L’acoustique architecturale est très différente qu’il s’agisse de musique non-amplifiée ou de musique dite « enregistrée ». Pour la première, la forme et les matériaux des espaces vont véritablement participer à la texture de la musique : c’est le cas des églises, des salles de concerts classiques, etc.
Pour la musique électronique, la problématique est tout autre : la musique est diffusée un peu partout, et à très fort volume. Il y a donc deux effets architecturaux directs : permettre au public d’identifier (ou pas, selon la volonté du club) où est jouée la musique, et l’isolation du volume pour ne pas déranger le voisinage. Il y a une idée forte d’abstraction et de réalité parallèle dans la musique électronique, et plus généralement dans la culture du clubbing. Les nombreux paramètres qui composent l’espace-temps d’un club vont dans ce sens là : lumières fragmentées, matériaux sombres, volume sonore élevé, etc. Pour l’architecte, il s’agit d’accompagner cette recherche de décalage. Par ailleurs, la question de l’isolation phonique implique un certain nombre de formes et de matériaux : facettes et matériaux souples pour l’absorption et la diffusion des hautes fréquences, béton et autres matériaux lourds pour l’isolation dans les basses. Ces aspects-là, s’ils sont abordés frontalement, peuvent déterminer une certaine esthétique architecturale.

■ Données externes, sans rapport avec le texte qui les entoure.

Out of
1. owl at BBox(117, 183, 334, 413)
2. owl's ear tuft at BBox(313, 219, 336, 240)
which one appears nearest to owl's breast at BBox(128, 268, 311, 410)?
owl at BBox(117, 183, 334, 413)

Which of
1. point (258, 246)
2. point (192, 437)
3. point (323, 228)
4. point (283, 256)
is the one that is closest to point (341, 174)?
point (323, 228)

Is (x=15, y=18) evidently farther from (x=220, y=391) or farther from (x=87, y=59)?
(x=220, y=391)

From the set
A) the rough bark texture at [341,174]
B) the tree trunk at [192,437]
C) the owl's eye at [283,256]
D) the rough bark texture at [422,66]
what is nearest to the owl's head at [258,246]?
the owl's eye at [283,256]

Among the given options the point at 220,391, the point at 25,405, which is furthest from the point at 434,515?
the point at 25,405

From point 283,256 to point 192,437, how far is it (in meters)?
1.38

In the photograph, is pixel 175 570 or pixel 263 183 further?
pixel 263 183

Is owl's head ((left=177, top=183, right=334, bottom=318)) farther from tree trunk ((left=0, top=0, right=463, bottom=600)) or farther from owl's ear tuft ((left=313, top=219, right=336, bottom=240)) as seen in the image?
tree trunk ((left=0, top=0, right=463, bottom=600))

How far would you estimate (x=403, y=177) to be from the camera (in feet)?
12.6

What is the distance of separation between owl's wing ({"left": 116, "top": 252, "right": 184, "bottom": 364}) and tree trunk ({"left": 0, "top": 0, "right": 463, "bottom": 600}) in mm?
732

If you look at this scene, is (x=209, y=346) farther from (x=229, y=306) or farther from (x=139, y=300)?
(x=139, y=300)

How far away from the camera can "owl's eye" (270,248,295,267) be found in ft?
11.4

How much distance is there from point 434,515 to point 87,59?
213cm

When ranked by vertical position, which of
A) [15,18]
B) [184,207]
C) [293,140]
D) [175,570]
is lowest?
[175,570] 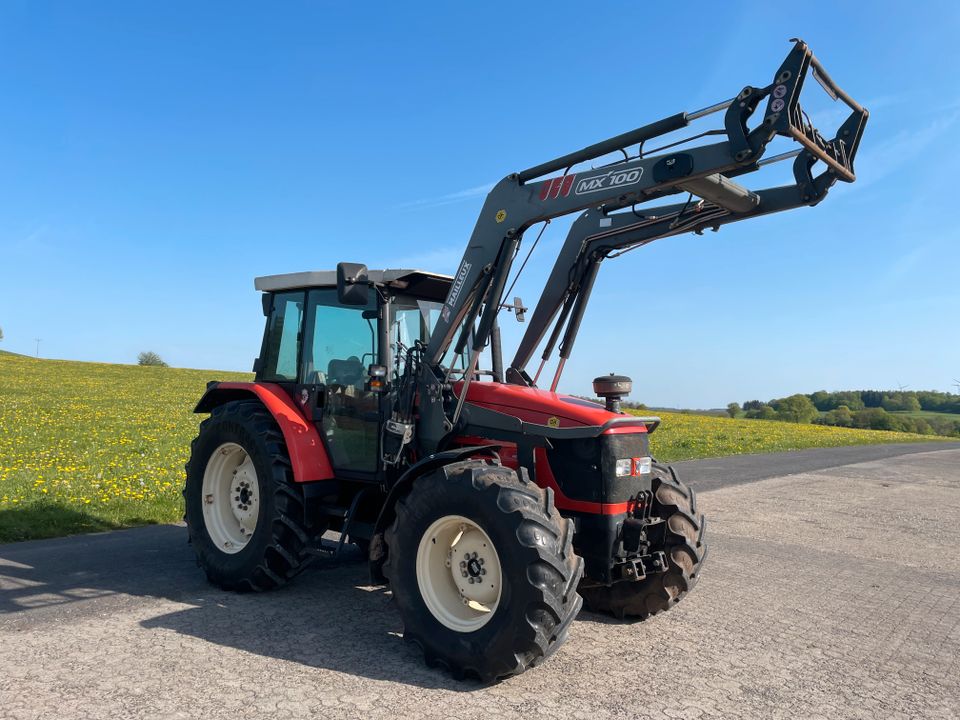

Quelles sont vos expériences et aspirations dans ce dialogue musique-architecture ?
Le travail de l’architecture par le biais d’éléments atmosphériques ou invisibles, comme l’acoustique, la lumière ou la température, est ce qui m’anime vraiment. Nous avons fait plusieurs projets qui tournent autour de ces sujets, et sur l’acoustique en particulier on peut citer entre autres un concours d’hôtel en Lettonie (2e prix), une boite de nuit éphémère à la Villa Noailles avec Martinez-Barat-Lafore, et plus récemment l’espace central de la Maison de la Radio (en cours), où les données thermiques, lumineuses et sonores se répondent.
A chaque fois, je m’intéresse à la physique réelle derrière les phénomènes, et comment ils peuvent générer une qualité d’espace et une esthétique. Mais au delà du sujet physique, la musique a cette dimension particulière de construction culturelle et de plaisir, phénomène mystérieux dont on ne connait pas tout à fait l’origine, qui l’éloigne de la rigueur des autres phénomènes scientifiques. C’est aussi ce qui rend passionnante la réflexion autour de ce thème.